No of Species.[1] Thickness of Strata. No of Species to 100 feet thickness.[1]
Living 5000
Tertiary 272 2000 137
Cretaceous 500 1100 45.5
Oolite 771 2500 31
Saliferous and Magnesian 118 2000 6
Carboniferous 366 10,000 3.6
Silurian, &c. 349 20,000 1.7

The most predominant of the recent forms of mollusca are the classes of Conchifera, Gasteropoda, and Cephalopoda; these are also the most numerous in a fossil state, for of pteropodous mollusca, a few traces only occur in the tertiary strata. If the distinct species of shelly mollusca be supposed to amount to 5000 species, the numbers belonging to each of these great classes may be stated thus, in a recent state:—

Conchifera 1800
Gasteropoda 3100
Cephalopoda 100

The same classes, in a fossil state, contain in 5000:—

Conchifera 2086
Gasteropoda 2230
Cephalopoda 684

If we analyse the classes, greater discordances appear.

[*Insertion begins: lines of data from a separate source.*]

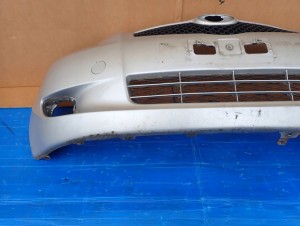 TOYOTA YARIS II 06-09 ZDERZAK PRZEDNI 1E7 10/16 MINIATURA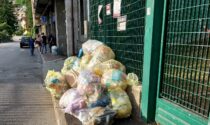 La spazzatura invade i marciapiedi e a Ponte Chiasso le persone sono costrette a camminare in strada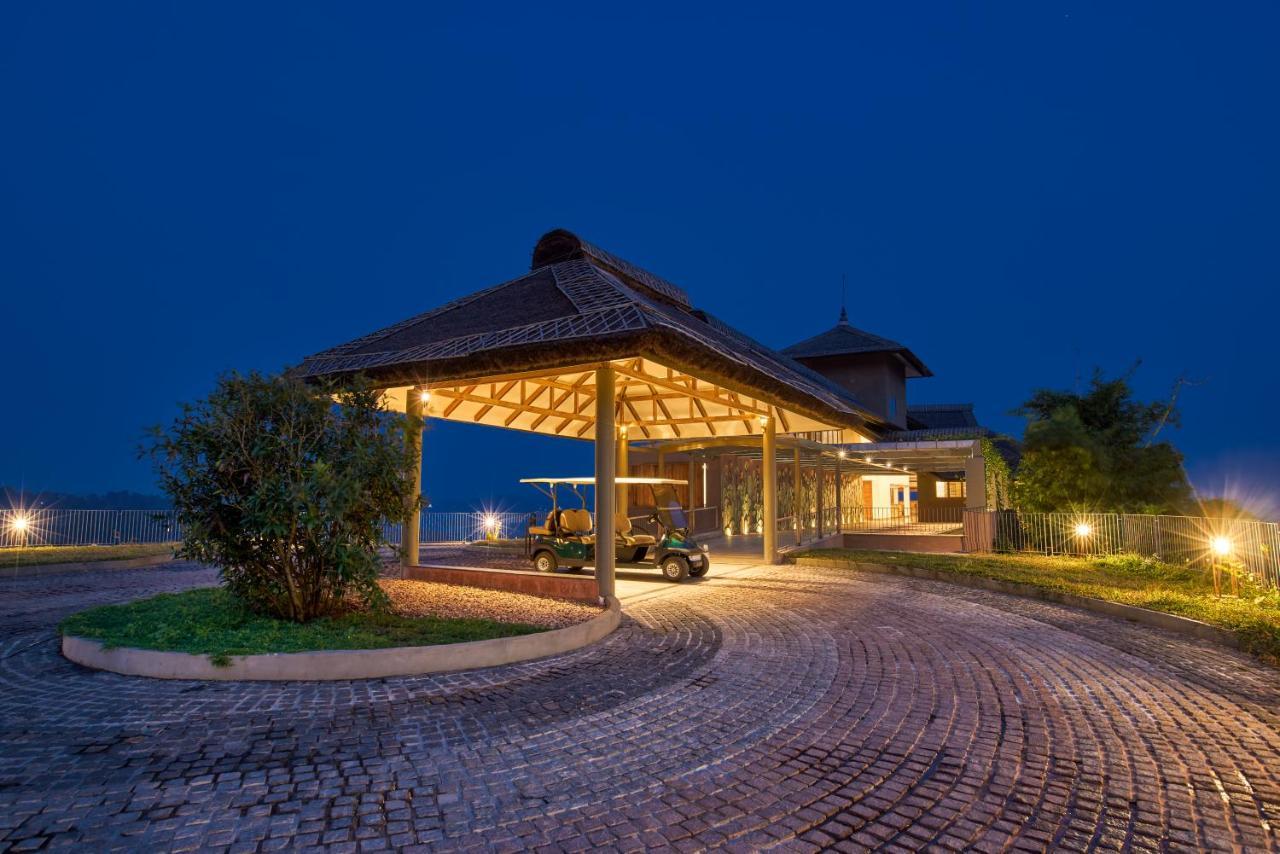 Mountain Shadows Resort Wayanad Exterior photo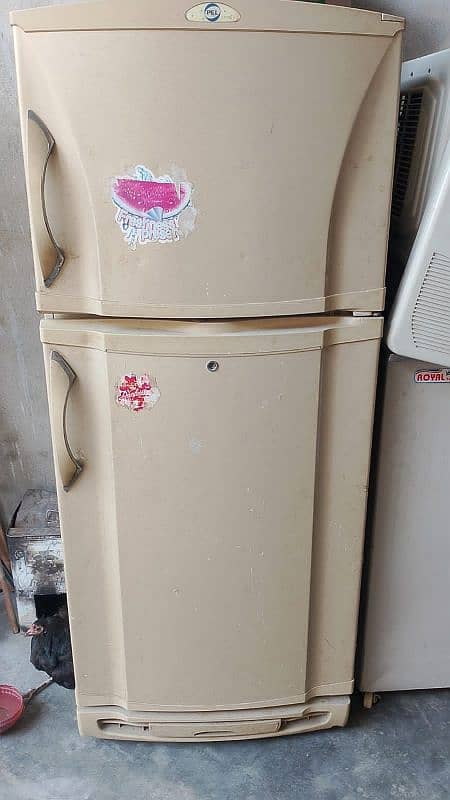 Refrigerator for sell 6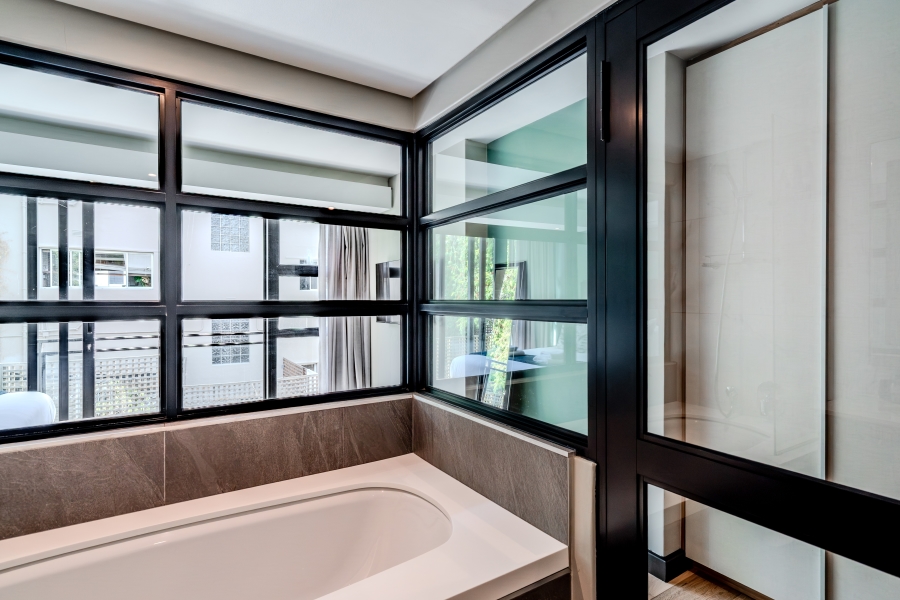 2 Bedroom Property for Sale in Sea Point Western Cape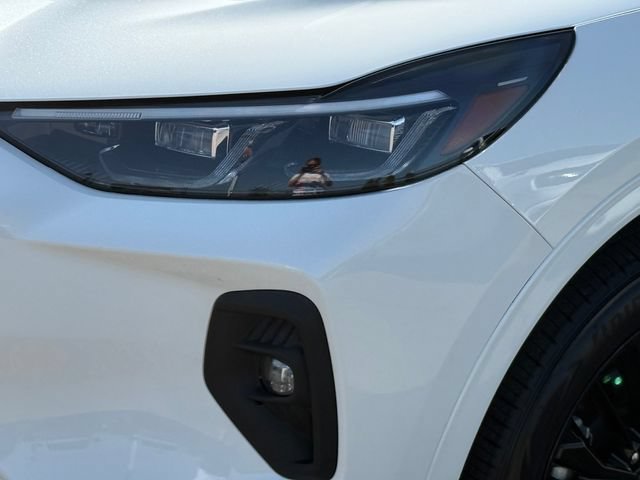 Certified 2024 Ford Escape ST-Line Elite AWD/4WD image 27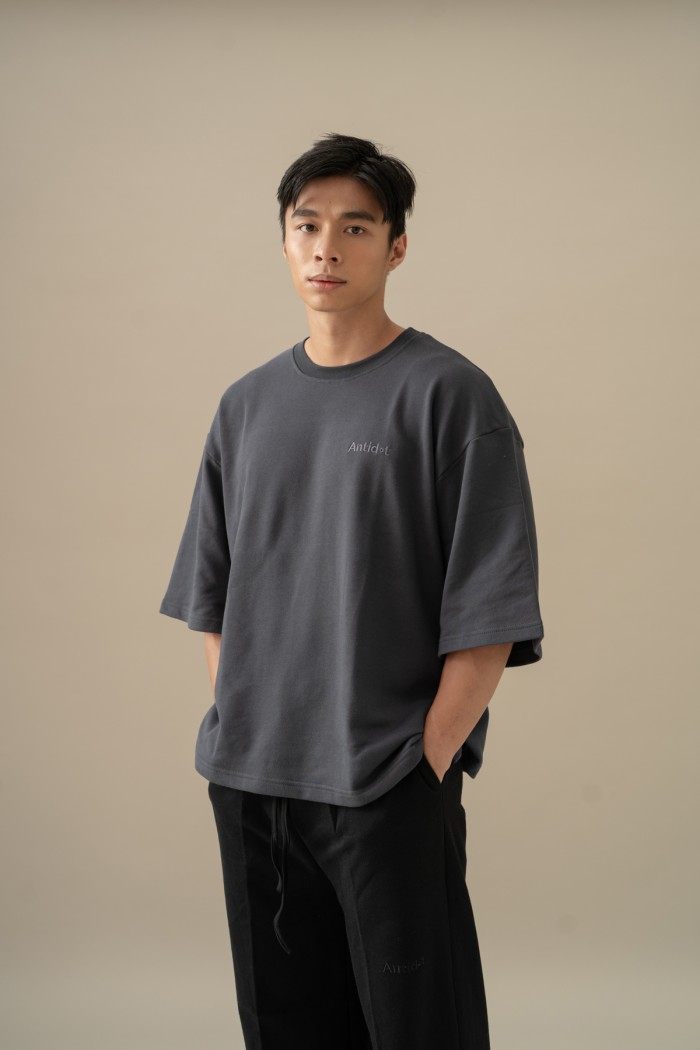 Signature Tee Antidot Studios
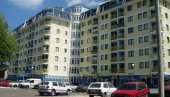 SAMOĆA GA OTERALA U SMRT: Muškarac iz Doboja skočio sa balkona zgrade u kojoj je stanovao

Thus the existing conchifera, ranked in three groups, present the following proportions in 1000:—

Conchifera plagimyona (Latreille) 777
—————— Mesomyona (Latr.) 194
—————— Brachiopoda 29

but in a fossil state the proportions are,

Conchifera plagimyona 483
—————— Mesomyona 338
—————— Brachiopoda 179

In the same way it appears, that while in existing nature the shelly gasteropoda ranked in two great

  1. 1.0 1.1 The numbers in these columns might now receive considerable augmentation; but the proportions are not materially changed.